Brief of the Case
Authority for Advance Rulings held In the case of Measurement Technology Limited, UK that the services under agreement No.1 relate to review by Group operation Director and general guidance given by him on financial, operational, human resource, setting up targets and performance appraisal related matters. He is providing these services from the UK mainly, his visits during a year are generally for short duration having aggregate number of days of visit in a year never exceeding 30 days. The applicant has provided sample e-mails sent by him to MTL India which show that his services generally related to human resource matters, cost control, fund management, quality and design reviews etc. These are routine managerial activities and cannot be classified as technical or consultancy services. Moreover, by providing such services he is not making available any technical knowledge of enduring benefit in nature which would enable employees of MTL India to apply them on their own in future. Further, the services under agreement No.2, the procurement team travels to different countries to visit suppliers and distributors to determine the best price that would be available to entire MTL Group including MTL India. These types of services can never be classified as technical or consultancy in nature and surely are not making available any technical knowledge, experience, know-how etc.
Facts of the Case
The applicant is a company incorporated in UK and engaged in the development and supply of intrinsic safety explosion protection devices, field bus and Industrial networks, lightning and surge protection and gas analysis equipment. It is a wholly owned subsidiary of MTL Instruments Group Ltd., UK.
MTL Instruments Private Limited (MTL India) is an Indian company, incorporated under the Companies Act, 1956. It is also a subsidiary of MTL Instruments Group Ltd., UK and is engaged in the business of manufacturing industrial control equipment’s used for process control in hazardous environments. The applicant entered into two service agreements with MTL India for providing certain services. The applicant has sought ruling on the following questions arising in respect of these two service agreements: – Whether amount received by the applicant for services rendered as per agreements is chargeable to tax in India as per India – UK DTAA.

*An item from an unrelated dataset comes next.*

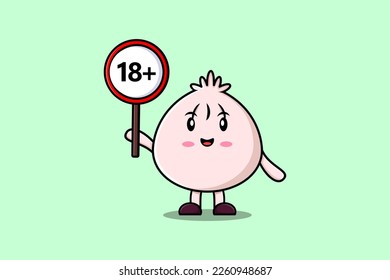 cute cartoon Dim sum holding 18 plus sign board in vector character illustration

The agreement no.1 between the applicant and MTL India is MTL instruments Intra Group agreement for products and services according to which the nature of services provided by the applicant is to make strategy and direction of business development of MTL India, management of personnel and other related services. The above mentioned services are provided through one of the employees of the applicant based in UK and designated as Group Operations Director (GD).The agreement no. 2 is called Intercompany Services Agreement (Procurement Services) for providing procurement services with a view to reduce cost and to avoid duplication of procurement efforts within MTL Group.
Submission of Applicant
The stand of the applicant in respect of agreement No.1 is that the compensation received for providing “Management Services” is not in the nature of Fees for Technical Services (FTS) under Article 13 of India-UK Tax Treaty. The applicant has argued that as per Article 13 of the Treaty FTS does not include ‘Managerial Services’ and for technical or consultancy service to fall under the definition of FTS, it must meet the condition of ‘make available’ technical knowledge, experience, skill, know-how and processes etc. It has been further pointed out that the India-UK Tax Treaty was amended w.e.f. 11.02.1994 and in the Pre-amendment India- UK Tax Treaty ‘Managerial Services’ was specifically covered within definition of FTS but, however, under the Post amendment Treaty ‘Managerial Services’ are not included with the definition of FTS.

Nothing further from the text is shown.